Date of Award

3-2016

Degree Type

Dissertation

Degree Name

Doctor of Philosophy (PhD)

Department

Computer Science

First Advisor

Yuni Xia

Committee Chair

Yuni Xia

Committee Member 1

Christopher Clifton

Committee Member 2

Snehasis Mukhopadhyay

Committee Member 3

Jennifer Neville

Committee Member 4

Sunil Prabhakar

Abstract

In recent years, a number of emerging applications, such as sensor monitoring systems, RFID networks and location based services, have led to the proliferation of uncertain data. However, traditional data mining algorithms are usually inapplicable in uncertain data because of its probabilistic nature. Uncertainty has to be carefully handled; otherwise, it might significantly downgrade the quality of underlying data mining applications.

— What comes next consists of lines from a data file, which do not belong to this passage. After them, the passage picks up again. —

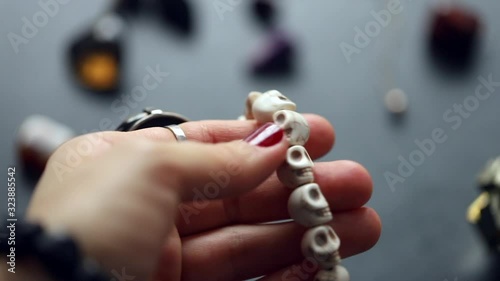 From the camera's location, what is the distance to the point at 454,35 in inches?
37.8

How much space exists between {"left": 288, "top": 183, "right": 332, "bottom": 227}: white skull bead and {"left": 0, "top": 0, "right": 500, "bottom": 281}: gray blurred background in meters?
0.17

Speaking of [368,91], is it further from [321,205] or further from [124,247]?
[124,247]

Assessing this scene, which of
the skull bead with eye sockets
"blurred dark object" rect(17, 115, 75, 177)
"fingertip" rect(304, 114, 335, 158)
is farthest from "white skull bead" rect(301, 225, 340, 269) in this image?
"blurred dark object" rect(17, 115, 75, 177)

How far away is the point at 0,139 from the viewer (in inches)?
32.3

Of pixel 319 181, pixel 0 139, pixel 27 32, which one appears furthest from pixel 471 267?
pixel 27 32

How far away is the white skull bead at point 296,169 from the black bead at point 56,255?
0.25 meters

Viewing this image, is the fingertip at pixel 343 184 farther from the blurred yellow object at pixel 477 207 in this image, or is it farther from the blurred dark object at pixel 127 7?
the blurred dark object at pixel 127 7

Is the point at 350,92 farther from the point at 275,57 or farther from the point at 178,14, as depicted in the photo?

Therefore, we extend traditional data mining algorithms into their uncertain versions so that they still can produce accurate results. In particular, we use a motivating example of sequential pattern mining to illustrate how to incorporate uncertain information in the process of data mining. We use possible world semantics to interpret two typical types of uncertainty: the tuple-level existential uncertainty and the attribute-level temporal uncertainty. In an uncertain database, it is probabilistic that a pattern is frequent or not; thus, we define the concept of probabilistic frequent sequential patterns. And various algorithms are designed to mine probabilistic frequent patterns efficiently in uncertain databases. We also implement our algorithms on distributed computing platforms, such as MapReduce and Spark, so that they can be applied in large scale databases.

Our work also includes uncertainty computation in supervised machine learning algorithms. We develop an artificial neural network to classify numeric uncertain data; and a Naive Bayesian classifier is designed for classifying categorical uncertain data streams. We also propose a discretization algorithm to pre-process numerical uncertain data, since many classifiers work with categoric data only. And experimental results in both synthetic and real-world uncertain datasets demonstrate that our methods are effective and efficient.